VeryAI is trying to answer that need with infrastructure instead of guesswork.

Building for platforms that need security and privacy

Security and privacy often feel like competing priorities. Platforms want more information so they can reduce fraud. Users want less exposure so they can protect themselves. The wrong identity system can create a new problem while trying to solve an old one.

This is why VeryAI’s privacy-focused design matters.

If the company can help platforms verify real people without storing raw biometric images or exposing personal identity details unnecessarily, it could offer a stronger model for digital trust.
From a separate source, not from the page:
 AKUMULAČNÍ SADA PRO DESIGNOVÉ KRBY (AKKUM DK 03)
That kind of approach is especially relevant as biometric systems face more scrutiny.

Users are not against security. They are against security that feels careless with their data.

A better system needs to be clear, fast, and limited. It should help people prove they are real without asking them to give away more than they need to. That is the kind of balance Zach Meltzer appears to be building into VeryAI’s identity layer.
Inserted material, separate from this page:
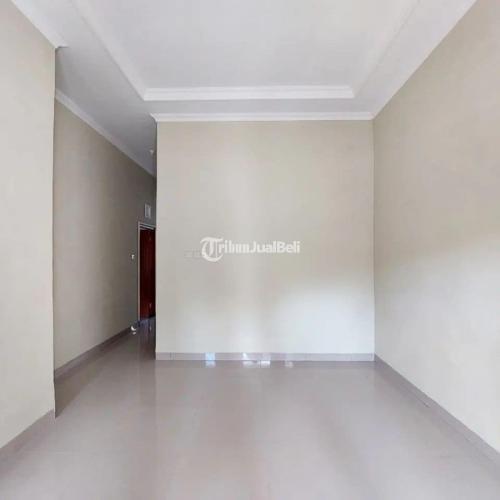 RUMAH CANTIK MURAH 600 JUTAAN DI NGEMPLAK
Why VeryAI could matter beyond one industry

Although VeryAI has clear relevance for crypto and fintech, its potential use cases go much wider.

Any platform that deals with user trust could need stronger human verification. That includes social networks, dating apps, gaming platforms, creator tools, ticketing platforms, gig marketplaces, financial apps, enterprise software, and future AI agent platforms.

The reason is simple. If fake users can create value or cause damage on a platform, identity matters.

A gaming platform may need to stop bots from farming rewards. A creator platform may need to protect real creators from impersonation. A fintech product may need to reduce synthetic identity fraud. A marketplace may need to prevent scammers from creating endless new accounts. An AI agent platform may need to connect automated actions to verified human control.

VeryAI’s long-term opportunity sits in that broader trust layer.

It is not just asking people to prove identity for compliance. It is helping platforms prove reality in digital spaces where fake activity is becoming cheaper, faster, and more convincing.

What readers can learn from Zach Meltzer’s founder story

There are a few clear lessons in Zach Meltzer’s path with VeryAI.

The first is that strong startups often begin with a shift in behavior. Meltzer is building around a major change in how the internet works. AI-generated users, deepfakes, synthetic identities, and autonomous agents are no longer edge cases. They are becoming part of everyday platform risk.

The second lesson is that important products often solve trust problems. VeryAI is not just making identity verification more modern. It is trying to help platforms keep real users safe, reduce fake activity, and build confidence into online actions.

The third lesson is that timing matters. Identity technology becomes most valuable when the old systems start breaking under new pressure. As AI makes fake digital activity easier to create, the demand for stronger verification is likely to grow.

That is why Zach Meltzer and VeryAI stand out. They are not building for the internet as it used to be. They are building for the internet that is already arriving.

Why Zach Meltzer and VeryAI matter in the future of online trust

The future of online identity will not be solved by one password, one code, one scan, or one account system. It will require layers of trust that can work across platforms, people, and AI agents.

Zach Meltzer is building VeryAI around that reality. The company’s Proof of Reality approach speaks to a growing need across the internet: platforms need to know when a real person is present, when an action is human-backed, and when digital activity can be trusted.

That mission gives VeryAI a clear place in the AI-era identity conversation. As bots become smarter, deepfakes become more convincing, and AI agents become more active, proving who is real online may become one of the most important challenges for digital platforms.VeryAI is still early, but its direction is timely. By combining palm biometrics, privacy-focused verification, and platform-level identity infrastructure, Zach Meltzer is working on a problem that could shape how people and companies build trust on the internet in the years ahead.